Ces quatre objectifs font à leur tour l’objet de 12 projets. Il s’agit en particulier du CTF, qui a vocation à devenir un « projet capacitaire » ayant des conséquences sur le programme MGCS, mais aussi sur l’artillerie du futur et la question du combat collaboratif. Il s’agit également de mettre en place une nouvelle politique de gestion des parcs afin notamment de permettre aux régiments de s’entraîner de manière autonome. Plusieurs projets concernent l’entraînement, comme celui de « l’établissement d’un schéma directeur à 15 ans, visant à augmenter les capacités d’entraînement : terrains de manoeuvre comportant des polygones en ambiance électromagnétique et cyber contrainte, secteurs en terrain libre, espaces aériens et outils de simulation distribuée » ou encore un exercice au niveau divisionnaire autour d’un « scénario dur » dans un « environnement très dégradé ». Les états-majors sont également appelés à évoluer afin de mieux intégrer la diversité des effets recherchés, matériels comme immatériels. D’autres projets sont plus centrés sur les facteurs humains, comme l’étude de la création
d’une école technique ou la mise en place d’une «maison de l’armée de Terre » au profit des soldats comme de leurs familles.

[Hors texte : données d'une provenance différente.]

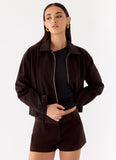 Jeremy Faux Suede Shorts Chocolate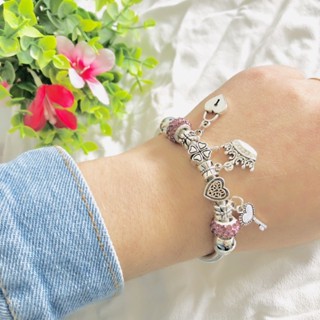 Pulseira Prata Pandora Feminina Com Berloques RF13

Le chantier est donc important et se déroule dans un contexte où l’armée de Terre connaît toujours un haut niveau d’engagement, tant sur le territoire national qu’en Afrique, par exemple. Abdelmalek Droukdel, émir D’AQMI, a ainsi été tué au cours d’un raid le 3 juin, dans le nord du Mali. Pour l’armée de Terre, il s’agit de répondre à un spectre opérationnel aussi complexe que large. Hasard du calendrier, le contexte international montre la justesse de l’analyse. En Méditerranée, la frégate Courbet a été illuminée par des radars de conduite de tir turcs lors d’une inspection de routine d’un cargo, tandis que le conflit en Libye se durcit après s’être internationalisé – le pays n’est plus uniquement l’objet d’une guerre civile, il devient un enjeu de puissance pour plusieurs États. En Inde, des incidents autour du Ladakh avec la Chine ont fait 20 morts. Autant de raisons de penser que si la guerre entre États n’est pas certaine, les compétitions de puissance sont toujours bel et bien actives… et se densifient.